Supplied data:
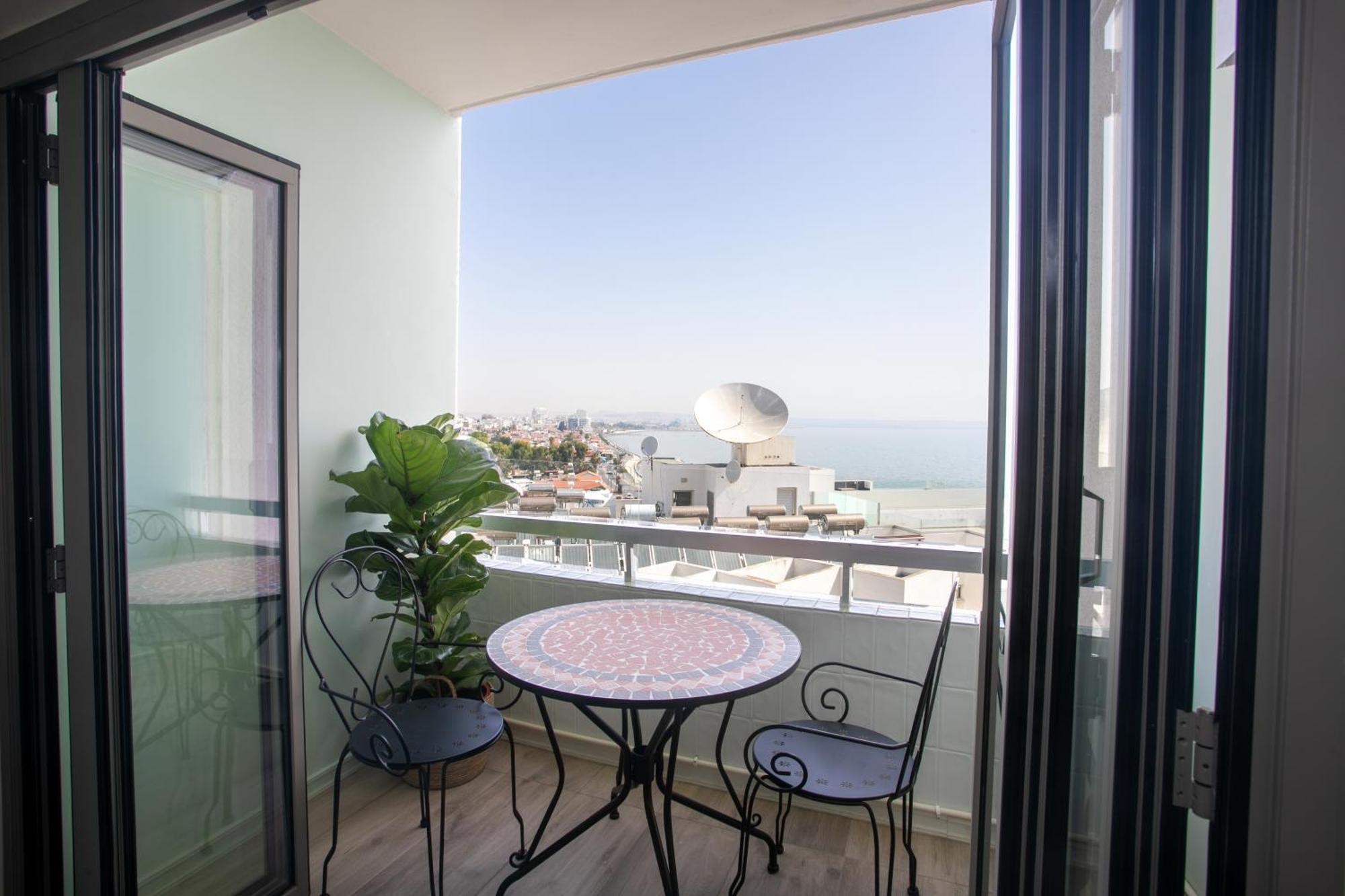 Palmove Luxurious Beachfront Apt Ларнака Екстериор снимка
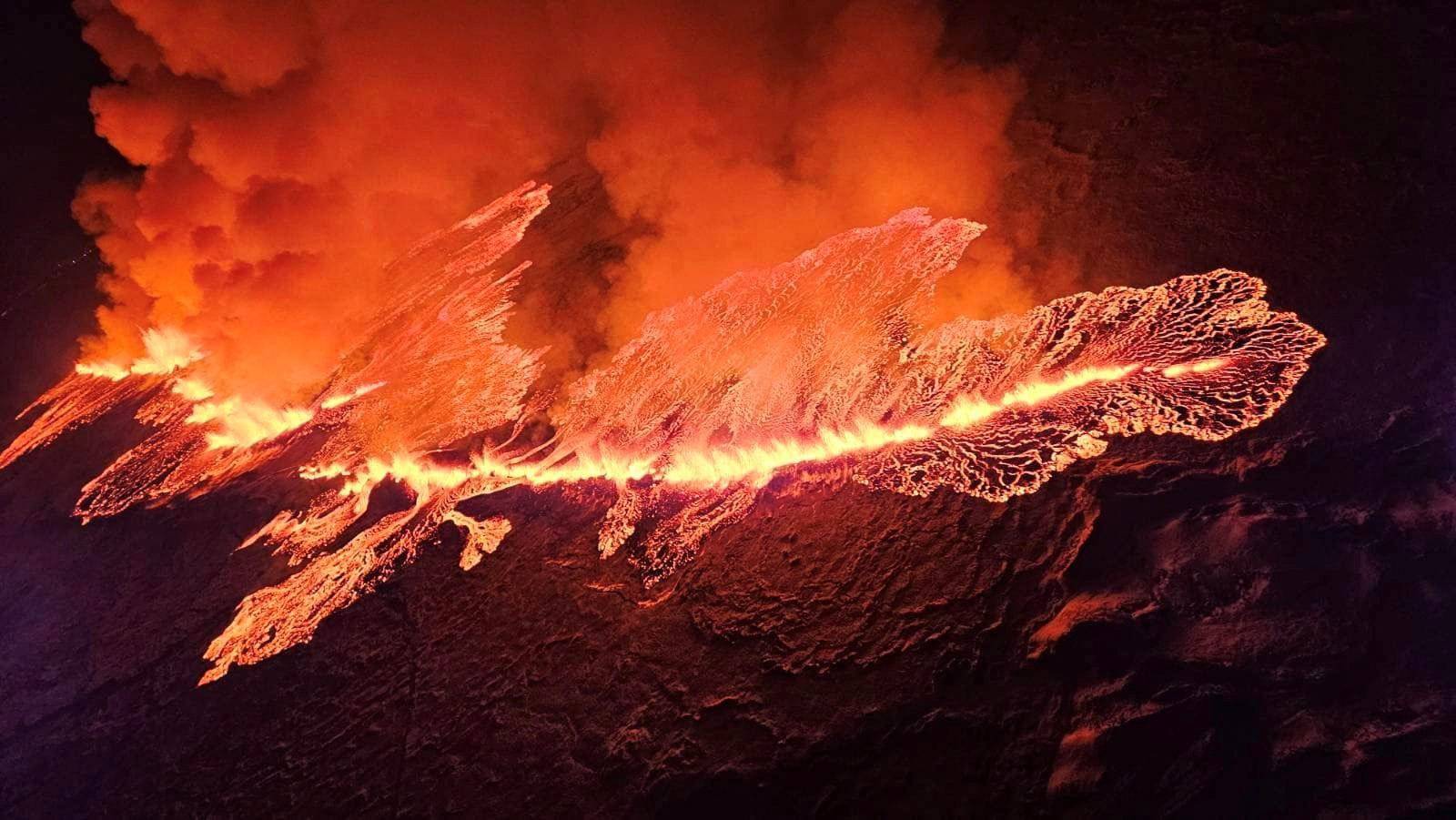 A volcano spews lava and smoke as it erupts in Grindavik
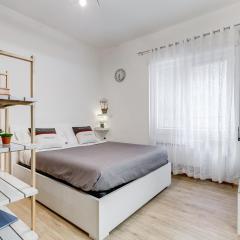 Vatican 96 Degli Ubaldi Studio steps from metro and St Peter's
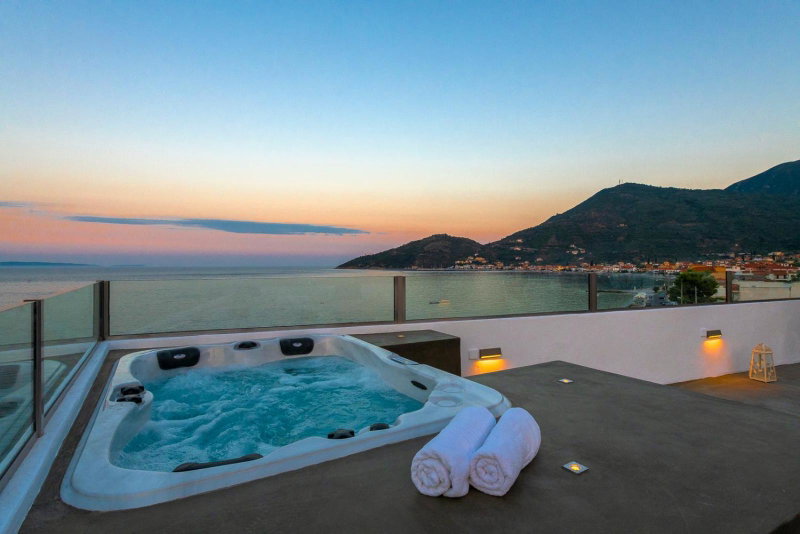 Paraskevas Beach Hotel, Tiros, Greece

Try it:
In the listing, find the line with "Vatican 96 Degli" and retype exactly from there through the last line, both included, leaving the pictures out.

Final answer:
 Vatican 96 Degli Ubaldi Studio steps from metro and St Peter's
 Paraskevas Beach Hotel, Tiros, Greece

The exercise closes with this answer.